After speaking with engineers and architects about how they approach service evolution, there seem to be some approaches that are common:
  • the no-harm, no-foul approach
  • the big-bang approach
  • the multiple service instances approach
  • the maintain-it-yourself approach
First up, the no-harm, no-foul approach (a/k/a close-your-eyes-and-hope-everything-is-cool) updates the services and expects the clients to "just work". Funny, life just doesn't work out the nicely. What frequently happens is that after after the new service code rolls into qa (or, god forbid, production), clients start breaking - and then it's either revert the service or update the rogue clients.

Second, the big-bang approach is to update the service and clients at the same time. While certainly handy, you need to be in control of both the service and all of the clients, then have qa and systems teams who can accommodate this approach. If all the clients are internal, this might not be a bad approach necessarily, but that point notwithstanding, I've found that either not all the clients get properly updated (either a code migration problem or forgetting to update some client's code) or, more likely, not every client was tested thoroughly.

The multiple service instances approach is perhaps the most deployment I've seen. When you need to release a new version of the service, just deploy a new web-app with the updated code and a new URL (typically, a version number will appear in the URL itself). On the surface, this works rather well as old services are not removed (hence, their clients keep on working as they should), but I feel there are two major drawbacks to this. The first is the database. Assuming the service uses a relational database (as most do), database schema are not backwards compatible (unless you really work at it - triggers, synonyms, and so on. Check out Scott Ambler's Refactoring Databases: Evolutionary Database Design; it's truly brilliant). The second problem is resource consumption - memory, disk space, power, etc. While appearing most obviously for small shops, many medium to large enterprises can ignore these problems. However, large industry players like Dan Pritchett, architect at eBay, are now intimately concerned with these issues as they build out more and more redundant data centers.

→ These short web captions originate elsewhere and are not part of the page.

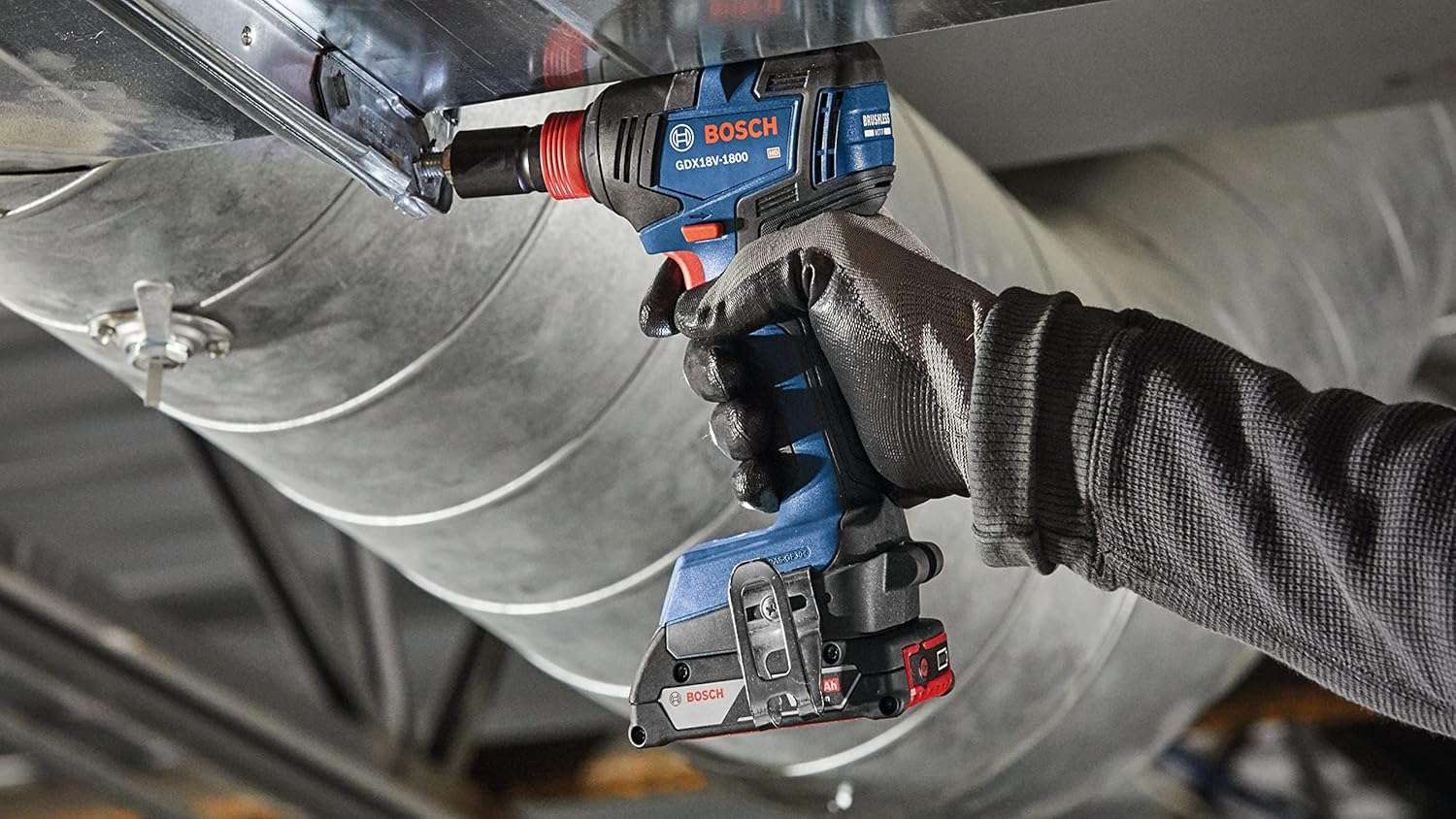 Close-up action shot showing a person wearing a protective glove using the Bosch impact tool as a driver to fasten a screw into a metal HVAC duct connection.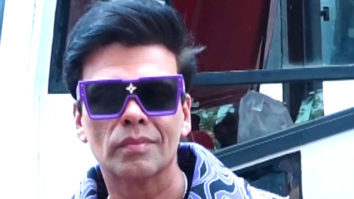 Karan Johar slays in a funky purple jacket with Amruta Khanvilkar at Jhalak Dikhhla Jaa sets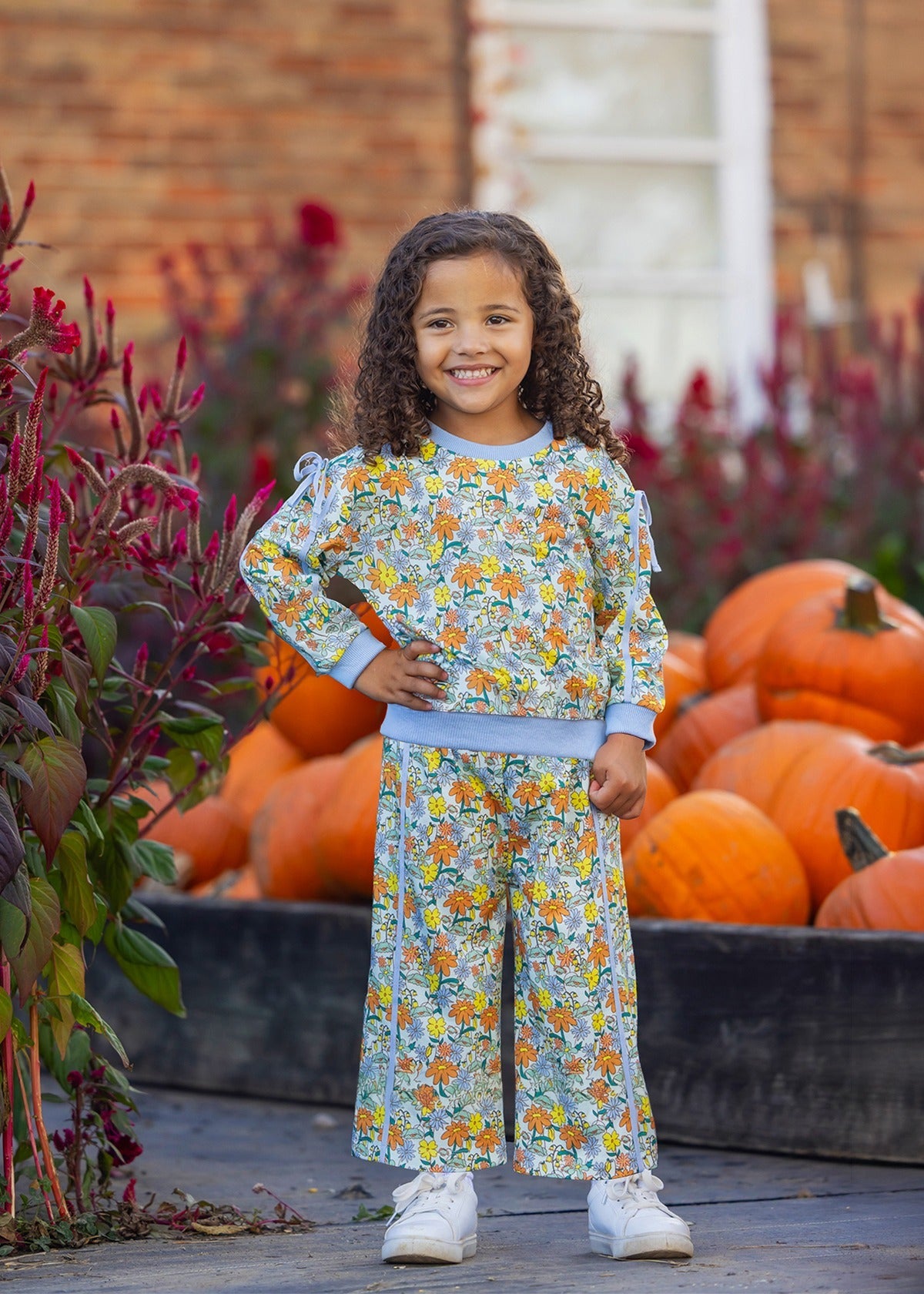 A young child with curly hair smiles, standing in front of a pile of pumpkins. They wear the Ivy Bloom Long Sleeve Floral Sweatshirt and Wide Leg Pant Set from Mabel and Honey, featuring blue trim and wide-leg pants, paired with white sneakers. The background includes red flowers and a brick building.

Lastly, the maintain-it-yourself approach deploys just a single version of the service (the most recent one), and it is able to successfully process and reply to clients of at all version levels. Typically, a service version is indicated somewhere by the client (in the URL, XML namespace, and so on), then the service uses that piece of information of aggregate the incoming parameters as needed in a version-specific manner, perform its normal functions at the current operating version level, and finally return the result to the client in the version they are expecting. This approach clearly has impacts on the engineers that need to create new functionality yet maintain backwards compatibility, and that is the biggest cost. It could be argued that the processing cycles required to calculate requested version, convert up, process, then convert down could be a drag on the performance. I tend to think that with everything else going on in a service, this cost should not be a significant factor - or something else squirrly may be going on. This approach does, however, allow the database to evolve at a natural pace, and this cannot be understated (at least, while we use databases in the manner in which we have traditionally).

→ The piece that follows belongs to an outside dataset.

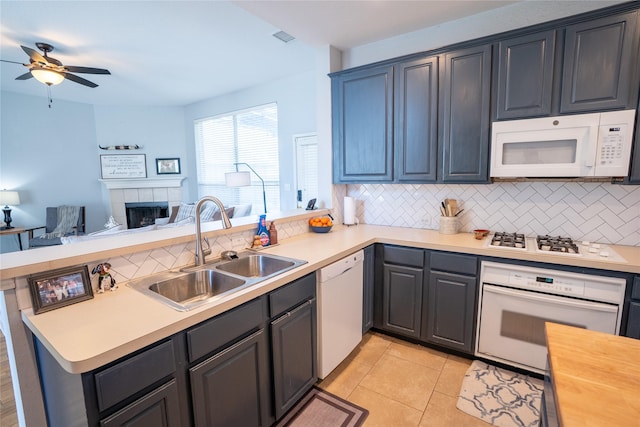 kitchen with light tile patterned floors, a peninsula, white appliances, a sink, and open floor plan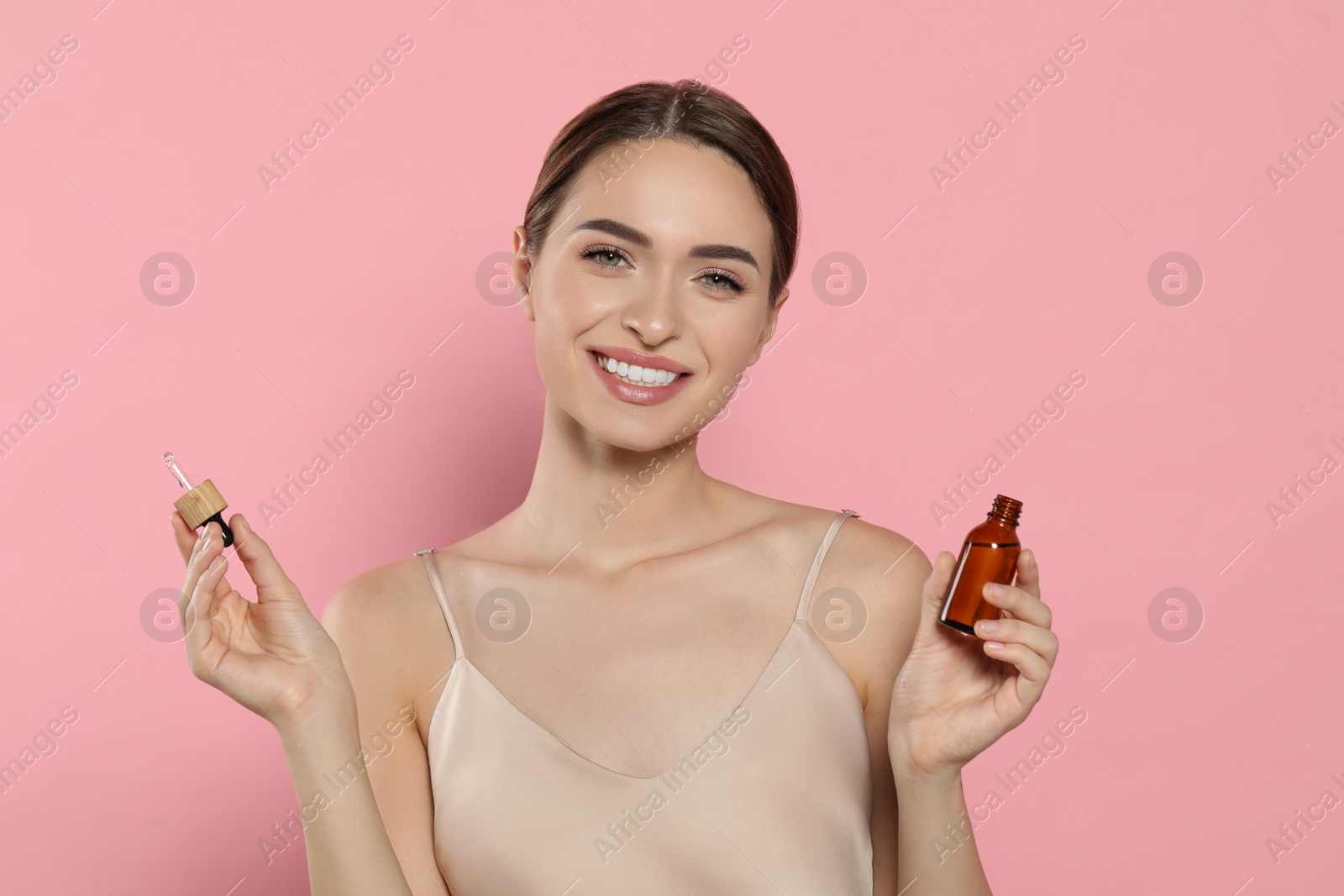 Photo of Young woman with bottle of essential oil on pink background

As a full disclaimer, I have, consciously or unconsciously, used all four of the these approaches at one time or another - and in the order of discovery as laid out above. After the initial birth of the body of services, I naturally needed to keep adding functionality. After making a whole lot of mistakes (I screwed up the production servers/services/web-app and databases several times, ) in the process of maturing the services, the best solution for my system was to maintain backwards compatibility for all clients. Granted, because we have quite a good view of what/who all the clients of the services are, so we can be a bit more proactive in phasing out the old client implementations.

1 comment:

Pankaj said...

In the "maintain-it-yourself" approach, don't we have the problem of DB not being backward compatible. You can write your service to be intelligent enough to return the result to the client in the version they are expecting. But how will you handle the DB version in your project?